Dustin Brown of Germany in action during a practice session with Gael Monfils of France at the Australian Open, 2014
A Parigi il caldo assale i poveri spettatori, costretti a sorbirsi l’osceno spettacolo della quadrumane Su-Wei Hsieh che si beffa di Johanna Konta, testa di serie numero 7 incapace, da anni, di esprimersi degnamente sulla terra battuta.
La situazione non sembra migliorare. Sul Suzanne-Lenglen Stan Wawrinka amministra le effimere resistenze dello slovacco Jozef Kovalik e Caroline Garcia irride Nao Hibino, trovatasi per caso su un campo da tennis.

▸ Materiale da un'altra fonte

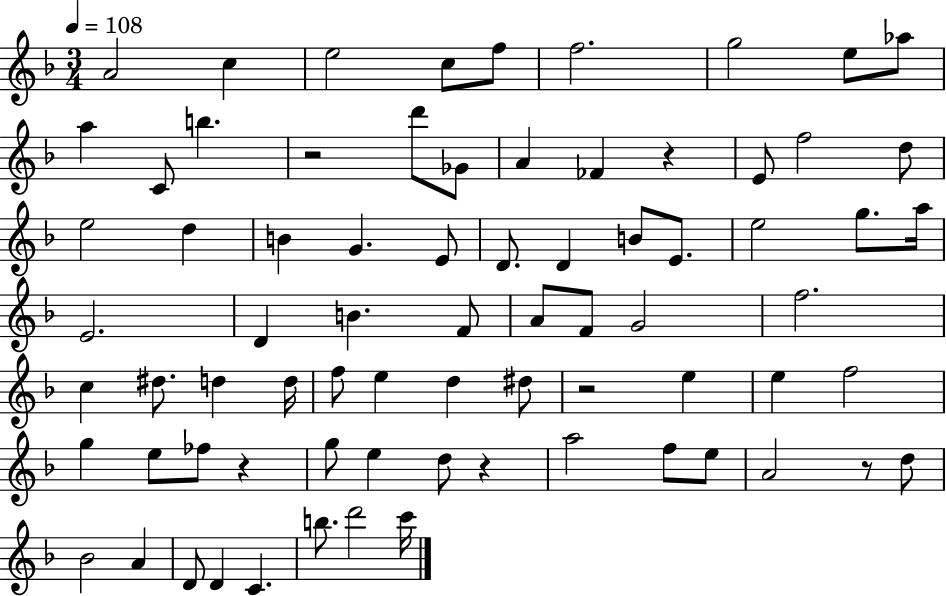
{
  \clef treble
  \numericTimeSignature
  \time 3/4
  \key f \major
  \tempo 4 = 108
  a'2 c''4 | e''2 c''8 f''8 | f''2. | g''2 e''8 aes''8 | \break a''4 c'8 b''4. | r2 d'''8 ges'8 | a'4 fes'4 r4 | e'8 f''2 d''8 | \break e''2 d''4 | b'4 g'4. e'8 | d'8. d'4 b'8 e'8. | e''2 g''8. a''16 | \break e'2. | d'4 b'4. f'8 | a'8 f'8 g'2 | f''2. | \break c''4 dis''8. d''4 d''16 | f''8 e''4 d''4 dis''8 | r2 e''4 | e''4 f''2 | \break g''4 e''8 fes''8 r4 | g''8 e''4 d''8 r4 | a''2 f''8 e''8 | a'2 r8 d''8 | \break bes'2 a'4 | d'8 d'4 c'4. | b''8. d'''2 c'''16 | \bar "|."
}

Le povere anime rimaste sugli spalti, molte svenute o colte da fulminante catalessi, implorano pietà. Il programma del giorno, però, dice che come quarto match, su quello stesso campo, Brown e Monfils si sfideranno per la prima volta in carriera.
Le premesse sono delle migliori. I giocolieri per eccellenza, seppur su un manto a loro indigesto, dovrebbero illuminare l’assopita platea.

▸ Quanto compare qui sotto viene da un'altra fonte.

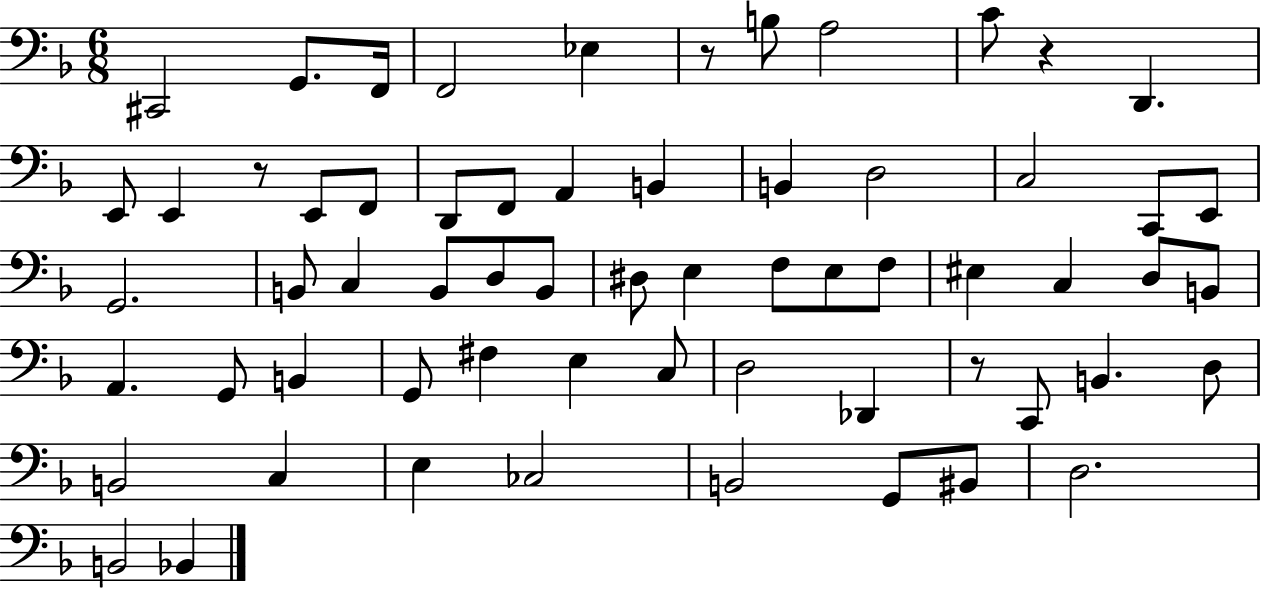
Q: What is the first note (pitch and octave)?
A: C#2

Il francese, più esperto, cerca invano di non farsi coinvolgere. Palletta (pregevole termine tecnico), alza improbabili traiettorie, annoia. Dustin Brown, che come unico dogma ha l’insensatezza, non vuole stare al gioco. Inventa, accelera, sbaglia a dismisura. Pur di non sottostare alla monotonia del terreno vermiglio si prodiga in piogge di doppi falli e gratuiti.
Il cuore di Monfils, regolarista colto da sincopi di totale schizofrenia, lo porta, di tanto in tanto, ad accettare il teatro. Tweener e palle corte, tagli e taglietti, deliri di fisica potenza volutamente giocati per divertire i presenti.
Non è stata, in realtà, una continua commedia. Dopo i primi due set l’atipico tedesco sceglie di interrompere il gioco.
Brown è in campo ma non controlla la palla.
Termina 6-0 il terzo set, Monfils e Dustin si abbracciano soddisfatti, consapevoli che solo qualche punto della loro funambolica rappresentazione del tennis, valga più di tutti i successi, Slam e non, di Murray e la Kerber.
Un’interessante prima volta.
Sperando che, per il puro sollazzo estetico, non sia anche l’ultima.